Les jeunes Erythréens partis à l’étranger, « une perte » pour Asmara
(Keystone-ATS) Les Erythréens qui partent en Suisse ou dans d’autres pays sont jeunes et bien instruits, c’est « une perte pour nous », affirme un conseiller du président Isaias Afewerki. Le régime d’Asmara « cherche à créer les conditions pour qu’ils restent » dans le pays.
« Nous avons investi beaucoup de ressources et d’argent » sur ces personnes, « nous ne voulons pas qu’elles partent », a déclaré à la Radio suisse italienne (RSI) Yemane Gebreab, directeur politique du parti unique, le Front populaire pour la démocratie et la justice(PFDJ).
Cette interview, diffusée mardi, avait été enregistrée la veille à l’issue d’une rencontre entre M. Gebreab et la conseillère fédérale Simonetta Sommaruga au siège de l’ONU à New York.
« Ils savent ce qu’il faut dire »
Selon lui, les jeunes savent ce qu’il faut dire à leur arrivée en Suisse pour obtenir l’asile politique ou un permis de résidence. S’ils disent venir pour avoir un meilleur travail, la Confédération ne leur permettra pas de rester.
« C’est pour cela qu’ils doivent dire des choses négatives sur le pays dont ils viennent », assure-t-il. Et d’assurer que seuls 5% des jeunes quittent leur pays. 95% ont donc la possibilité de rester.
Par ailleurs, depuis le début de l’année, 1500 Eryhtréens présumés sont entrés chaque mois en Europe. Sur ce nombre, un tiers « se déclarent comme Erythréens, mais ne le sont pas: ils sont Soudanais, Ethiopiens, etc. », ajoute le conseiller, dénonçant « un traitement spécial pour les Erythréens ».
Crimes contre l’humanité
Début juin, la Commission d’enquête du Conseil des droits de l’homme avait dévoilé à Genève un rapport affirmant qu’Asmara est responsable de crimes contre l’humanité. Elle mentionne de l’esclavage, des disparitions forcées, de la torture, de la discrimination ou encore des exécutions extrajudiciaires. Ce texte cible aussi des détentions arbitraires ou des violences sexuelles.
Interrogé sur la situation des droits de l’homme dans son pays, Yemane Gebreab reconnaît l’existence de lacunes dans ce domaine, mais affirme que « les gens ne s’échappent pas d’Erythrée parce qu’ils pensent que leurs droits sont violés ».
Opportunités économiques
« Nous cherchons à construire un système politique en Erythrée.
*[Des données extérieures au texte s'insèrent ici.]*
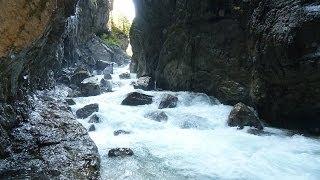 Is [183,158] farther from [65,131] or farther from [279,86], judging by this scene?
[279,86]

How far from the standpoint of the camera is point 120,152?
9273 mm

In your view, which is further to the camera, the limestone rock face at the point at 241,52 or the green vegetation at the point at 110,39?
the green vegetation at the point at 110,39

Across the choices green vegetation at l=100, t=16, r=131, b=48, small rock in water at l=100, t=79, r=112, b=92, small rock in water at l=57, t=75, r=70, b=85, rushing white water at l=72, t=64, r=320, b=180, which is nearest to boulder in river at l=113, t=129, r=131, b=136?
rushing white water at l=72, t=64, r=320, b=180

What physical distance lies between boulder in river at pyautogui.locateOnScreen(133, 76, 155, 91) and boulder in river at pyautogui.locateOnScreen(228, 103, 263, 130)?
925cm

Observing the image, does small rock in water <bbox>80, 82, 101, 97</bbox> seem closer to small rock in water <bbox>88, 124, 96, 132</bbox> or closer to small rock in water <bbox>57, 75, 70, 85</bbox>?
small rock in water <bbox>57, 75, 70, 85</bbox>

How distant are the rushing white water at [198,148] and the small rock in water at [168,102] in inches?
25.9

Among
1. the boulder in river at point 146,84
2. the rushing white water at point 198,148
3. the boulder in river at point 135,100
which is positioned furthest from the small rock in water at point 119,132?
the boulder in river at point 146,84

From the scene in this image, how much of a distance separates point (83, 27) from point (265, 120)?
24.8 metres

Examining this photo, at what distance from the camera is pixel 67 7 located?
1035cm

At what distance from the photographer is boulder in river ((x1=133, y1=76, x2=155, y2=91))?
21498 millimetres

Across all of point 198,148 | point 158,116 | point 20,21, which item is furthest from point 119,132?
point 20,21

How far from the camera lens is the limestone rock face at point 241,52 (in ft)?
36.7

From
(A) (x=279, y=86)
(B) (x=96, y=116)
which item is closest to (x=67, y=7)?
(B) (x=96, y=116)

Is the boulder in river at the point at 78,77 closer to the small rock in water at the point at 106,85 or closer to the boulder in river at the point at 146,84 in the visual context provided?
the small rock in water at the point at 106,85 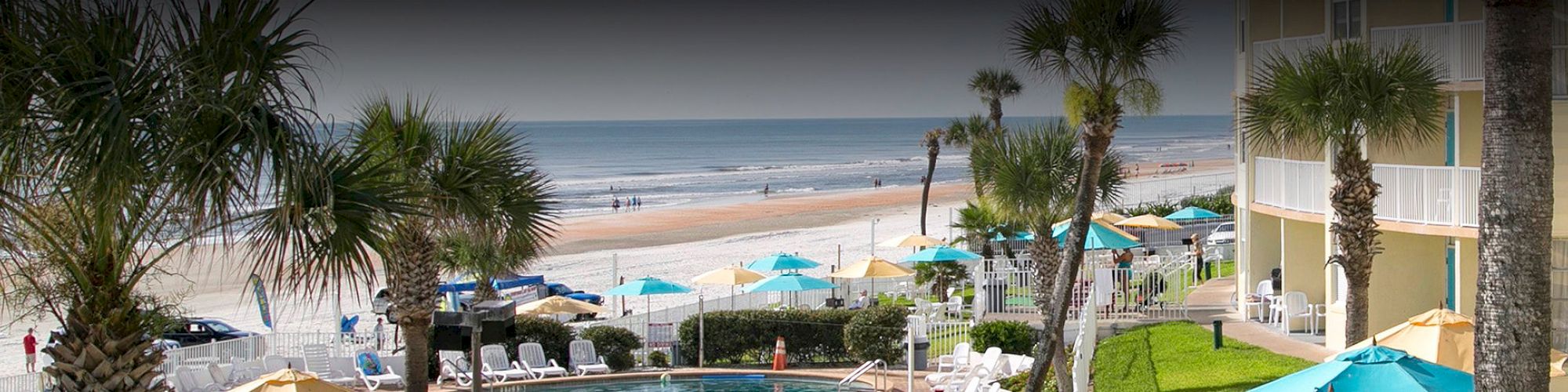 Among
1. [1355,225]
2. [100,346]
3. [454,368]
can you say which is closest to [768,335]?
[454,368]

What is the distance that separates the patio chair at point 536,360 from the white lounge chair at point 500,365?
0.18 m

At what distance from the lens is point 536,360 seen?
2164cm

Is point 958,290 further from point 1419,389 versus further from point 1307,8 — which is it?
point 1419,389

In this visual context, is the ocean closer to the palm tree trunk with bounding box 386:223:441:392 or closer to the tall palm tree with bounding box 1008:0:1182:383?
the palm tree trunk with bounding box 386:223:441:392

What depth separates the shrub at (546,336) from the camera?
883 inches

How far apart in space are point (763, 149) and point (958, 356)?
13948 centimetres

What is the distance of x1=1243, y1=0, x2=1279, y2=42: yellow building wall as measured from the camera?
24125mm

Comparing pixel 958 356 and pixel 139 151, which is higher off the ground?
pixel 139 151

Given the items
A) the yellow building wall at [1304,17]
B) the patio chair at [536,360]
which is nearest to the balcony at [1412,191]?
the yellow building wall at [1304,17]

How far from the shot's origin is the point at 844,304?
29000 millimetres

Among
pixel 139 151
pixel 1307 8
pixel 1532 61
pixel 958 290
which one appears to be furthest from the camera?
pixel 958 290

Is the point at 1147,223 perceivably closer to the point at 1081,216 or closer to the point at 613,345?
the point at 613,345

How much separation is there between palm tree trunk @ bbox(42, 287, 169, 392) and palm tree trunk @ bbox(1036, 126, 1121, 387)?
10816mm

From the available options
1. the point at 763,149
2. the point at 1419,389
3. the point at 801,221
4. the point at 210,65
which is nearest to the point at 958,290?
the point at 1419,389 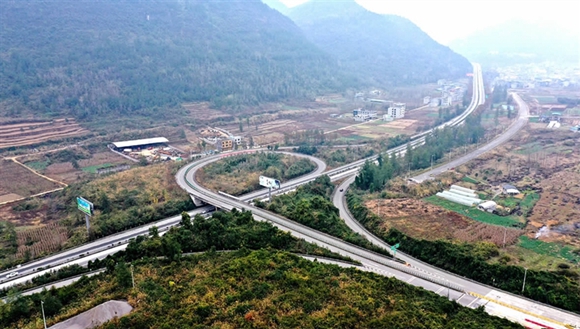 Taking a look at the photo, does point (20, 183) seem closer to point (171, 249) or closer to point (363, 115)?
point (171, 249)

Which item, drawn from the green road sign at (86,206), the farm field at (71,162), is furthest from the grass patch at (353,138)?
the green road sign at (86,206)

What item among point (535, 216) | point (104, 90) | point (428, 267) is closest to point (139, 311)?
point (428, 267)

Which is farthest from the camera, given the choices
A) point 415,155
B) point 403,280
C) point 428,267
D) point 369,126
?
point 369,126

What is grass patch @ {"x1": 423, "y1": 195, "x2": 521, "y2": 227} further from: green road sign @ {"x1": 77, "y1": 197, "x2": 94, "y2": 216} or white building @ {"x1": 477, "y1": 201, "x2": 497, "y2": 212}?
green road sign @ {"x1": 77, "y1": 197, "x2": 94, "y2": 216}

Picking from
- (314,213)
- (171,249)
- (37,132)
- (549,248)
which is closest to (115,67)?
(37,132)

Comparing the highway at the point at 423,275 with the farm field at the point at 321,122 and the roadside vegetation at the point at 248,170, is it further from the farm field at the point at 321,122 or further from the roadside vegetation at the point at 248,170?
the farm field at the point at 321,122

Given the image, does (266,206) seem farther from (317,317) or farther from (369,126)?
(369,126)

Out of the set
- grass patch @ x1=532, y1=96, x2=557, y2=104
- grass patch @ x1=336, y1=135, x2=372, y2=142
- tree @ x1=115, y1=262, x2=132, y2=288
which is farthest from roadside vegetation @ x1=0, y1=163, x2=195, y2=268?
grass patch @ x1=532, y1=96, x2=557, y2=104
Il faut du temps et nous le prendrons. Mais cela ne veut pas dire que les jeunes sont opprimés et qu’ils s’en vont pour cette raison. Les Erythréens qui sont en Suisse ne sont pas opprimés, ils sont là parce qu’ils cherchent de meilleures opportunités économiques », estime M. Gebreab.
Le dirigeant du PFDJ ajoute que la Suisse voit arriver des personnes du monde entier, pas seulement d’Afrique, parce qu’elles « pensent que la Suisse leur offrira les meilleures opportunités ».
Et de rappeler que « chaque été, des milliers d’Erythréens retournent chez eux pour différentes raisons: (ils rendent) visite à leurs familles, ils se marient, ils ont des activités économiques, ils achètent une maison… S’ils étaient opprimés et qu’ils craignaient pour leur vie, ils ne reviendraient pas chaque été », dit-il.
Impôt sur la diaspora
Le conseiller du président a également été interrogé sur l’impôt que les Erythréens de Suisse sont obligés de payer. « C’est une taxe pour la reconstruction, qui concerne tous les Erythréens de l’étranger », a-t-il expliqué.
Elle a été introduite en 1992. L’Erythrée était alors « un pays dévasté » au sortir de la guerre d’indépendance. « Nous devions le reconstruire. Pour cette raison, nous avons demandé à la diaspora de payer les 2% de son salaire net », ajoute-t-il. Ceux qui ne paient pas vont en prison, comme dans tous les autres pays, « indépendemment du fait que le gouvernement te plaise ou non », conclut-il.